Thursday, August 9, 2018

2018年(平成30年)
長崎平和宣言
Nagasaki Peace Declaration 2018 (link)


73年前の今日。

89日、午前112分。

真夏の空にさく裂した1発の原子爆弾により、
長崎の街は、無残な姿に変わり果てました。

人も、動物も、草も木も。
生きとし生けるものすべてが、焼き尽くされ、
廃墟と化した街には、おびただしい数の死体が散乱し、

川には、水を求めて力尽きた
沢山の死体が、浮き沈みしながら、河口にまで達しました。

15万人が死傷し、なんとか生き延びた人々も、心と体に深い傷をおい、
今も、放射線の後障害に苦しみ続けています。

原爆は、人間が人間らしく生きる尊厳を、容赦なく奪い去る、
残酷な兵器なのです。

1946年、創設されたばかりの国際連合は、
核兵器など、大量破壊兵器の廃絶を、国連総会決議第一号としました。

同じ年に交付された、日本国憲法は、
平和主義をゆるぎない柱のひとつとして据えました。

広島・長崎が体験した原爆の惨禍と、
それをもたらした戦争を、2度ともたらさない、という強い決意を示し、
その実現を、未来に託したのです。

昨年、この決意を実現しようと訴え続けた国々と、
被爆者をはじめとする、多くの人々の努力が実り、
国連で、核兵器禁止条約が採択されました。

そして、条約の採択に大きな貢献をした、
核兵器廃絶国際キャンペーン(ICAN)が、
ノーベル平和賞を受賞しました。

そのふたつの出来事は、地球上の多くの人々が、
核兵器のない世界の実現を求め続けている証しです。

しかし、第二次世界大戦終結から、73年が経った今も、
世界には、14450発の核弾頭が存在しています。

しかも、核兵器は必要だと、平然と主張し、
核兵器を使って、軍事力を強化しようとする動きが、再び強まっていることに、
被爆地は、強い懸念を持っています。

核兵器を持つ国々と、核の傘に依存している国々のリーダーに訴えます。
国連総会決議第一号で、核兵器の廃絶を目標とした決意を、忘れないでください。

そして、50年前に、核不拡散条約NPTで交わした核軍縮に誠実に取り組むという
世界との約束を果たして下さい。

人類が、もう一度被爆者を生む過ちをおかしてしまう前に、
核兵器に頼らない安全保障政策に転換することを強く求めます。

そして、世界のみなさん。
核兵器禁止条約が一日も早く発行するよう、    
自分の国の政府と国会に、条約の署名と批准を求めてください。

日本政府は、核兵器禁止条約に署名しない立場をとっています。
それに対して、いま300を超える地方議会が、
条約の署名と批准を求める声をあげています。

日本政府には、唯一の戦争被爆国として、核兵器禁止条約に賛同し、
世界を非核化に導く「道義的責任」を果たすことを強く求めます。

今、朝鮮半島では、非核化と平和に向けた新しい動きが生まれつつあります。
南北首脳による、「板門店宣言」や、初めての米朝首脳会談を起点として、
粘り強い外交によって、後戻りすることのない「非核化」が実現することを、
被爆地は、大きな期待をもって見守っています。

日本政府には、この絶好の機会を生かし、日本と朝鮮半島全体を非核化する、
「北東アジア非核兵器地帯」の実現に向けた努力を求めます。

長崎の核兵器廃絶運動を長年けん引してきたふたりの被爆者が、
昨年、あいついで亡くなりました。

その一人の、土山秀夫さんは、
核兵器に頼ろうとする国々のリーダーに対し、こう述べています。
「あなた方が、核兵器を所有し、またこれから所有しようとすることは、何の自慢にもならない。
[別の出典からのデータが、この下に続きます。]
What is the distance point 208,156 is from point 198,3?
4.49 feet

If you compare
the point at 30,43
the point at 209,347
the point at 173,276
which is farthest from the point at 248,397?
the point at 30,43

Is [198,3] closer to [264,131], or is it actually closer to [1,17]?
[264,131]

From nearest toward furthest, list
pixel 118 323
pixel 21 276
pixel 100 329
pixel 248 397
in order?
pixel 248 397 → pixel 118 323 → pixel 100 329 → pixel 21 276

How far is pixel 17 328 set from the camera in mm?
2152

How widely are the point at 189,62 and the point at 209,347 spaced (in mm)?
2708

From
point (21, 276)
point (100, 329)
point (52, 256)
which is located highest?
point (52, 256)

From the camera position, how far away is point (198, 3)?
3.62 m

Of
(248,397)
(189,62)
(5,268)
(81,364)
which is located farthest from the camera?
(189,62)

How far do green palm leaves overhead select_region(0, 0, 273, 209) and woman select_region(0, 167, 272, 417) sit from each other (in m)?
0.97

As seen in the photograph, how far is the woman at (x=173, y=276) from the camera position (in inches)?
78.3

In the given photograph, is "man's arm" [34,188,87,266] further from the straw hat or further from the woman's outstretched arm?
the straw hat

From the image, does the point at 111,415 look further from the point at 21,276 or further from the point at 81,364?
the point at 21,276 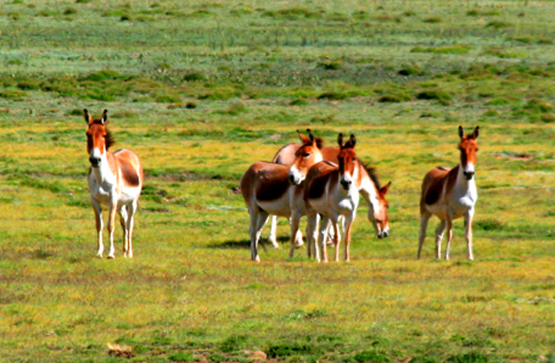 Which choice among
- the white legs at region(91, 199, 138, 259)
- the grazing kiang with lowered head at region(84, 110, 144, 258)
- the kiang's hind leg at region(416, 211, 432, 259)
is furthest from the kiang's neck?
the kiang's hind leg at region(416, 211, 432, 259)

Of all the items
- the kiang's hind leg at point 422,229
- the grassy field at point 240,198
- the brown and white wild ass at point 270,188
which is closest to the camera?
the grassy field at point 240,198

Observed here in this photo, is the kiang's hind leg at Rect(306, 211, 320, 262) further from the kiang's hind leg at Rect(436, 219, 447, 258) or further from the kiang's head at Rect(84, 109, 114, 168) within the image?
the kiang's head at Rect(84, 109, 114, 168)

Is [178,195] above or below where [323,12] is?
below

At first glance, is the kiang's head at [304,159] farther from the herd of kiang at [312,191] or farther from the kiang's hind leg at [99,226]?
the kiang's hind leg at [99,226]

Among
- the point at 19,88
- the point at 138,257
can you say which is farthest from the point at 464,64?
the point at 138,257

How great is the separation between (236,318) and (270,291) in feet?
5.81

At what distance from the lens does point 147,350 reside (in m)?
10.4

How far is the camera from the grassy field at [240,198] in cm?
1100

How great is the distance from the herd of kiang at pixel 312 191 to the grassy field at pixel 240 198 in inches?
28.4

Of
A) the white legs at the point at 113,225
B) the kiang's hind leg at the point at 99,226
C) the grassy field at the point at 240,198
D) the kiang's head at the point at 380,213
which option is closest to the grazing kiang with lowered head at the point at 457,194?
the grassy field at the point at 240,198

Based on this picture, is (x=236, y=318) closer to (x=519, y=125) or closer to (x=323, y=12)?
(x=519, y=125)

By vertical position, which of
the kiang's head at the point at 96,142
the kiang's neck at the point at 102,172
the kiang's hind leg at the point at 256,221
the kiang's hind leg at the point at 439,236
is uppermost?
the kiang's head at the point at 96,142

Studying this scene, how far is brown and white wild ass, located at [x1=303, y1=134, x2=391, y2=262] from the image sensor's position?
52.6 feet

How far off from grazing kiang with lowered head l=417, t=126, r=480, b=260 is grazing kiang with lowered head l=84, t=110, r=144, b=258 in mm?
5293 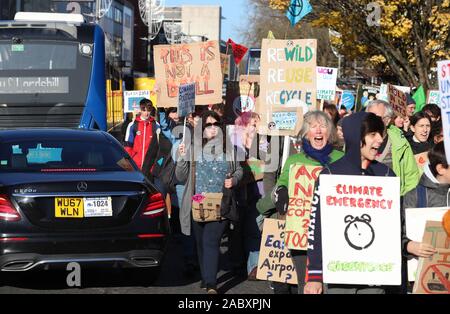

それどころか、恥ずべき人道に対する犯罪の加担者となりかねない、ということを知るべきである。」

もひとりの被爆者、谷口すみてる(link)さんは、こう述べました。
「核兵器と人類は共存できないのです。こんな苦しみは、もう私たちだけでたくさんです。
人間が人間として生きていくためには、地球上に一発たりとも核兵器を残してはなりません。」

ふたりは、戦争や被爆の体験がない人たちが、道を間違えてしまうことを強く心配していました。
ふたりがいなくなったいま、改めて政府に、
「戦争をしない」
という日本国憲法に込められた思いを、次世代に引き継がなくてはならないと思います。Signature Ceremony for N.Bombs Ban Treaty..(2017.9.21)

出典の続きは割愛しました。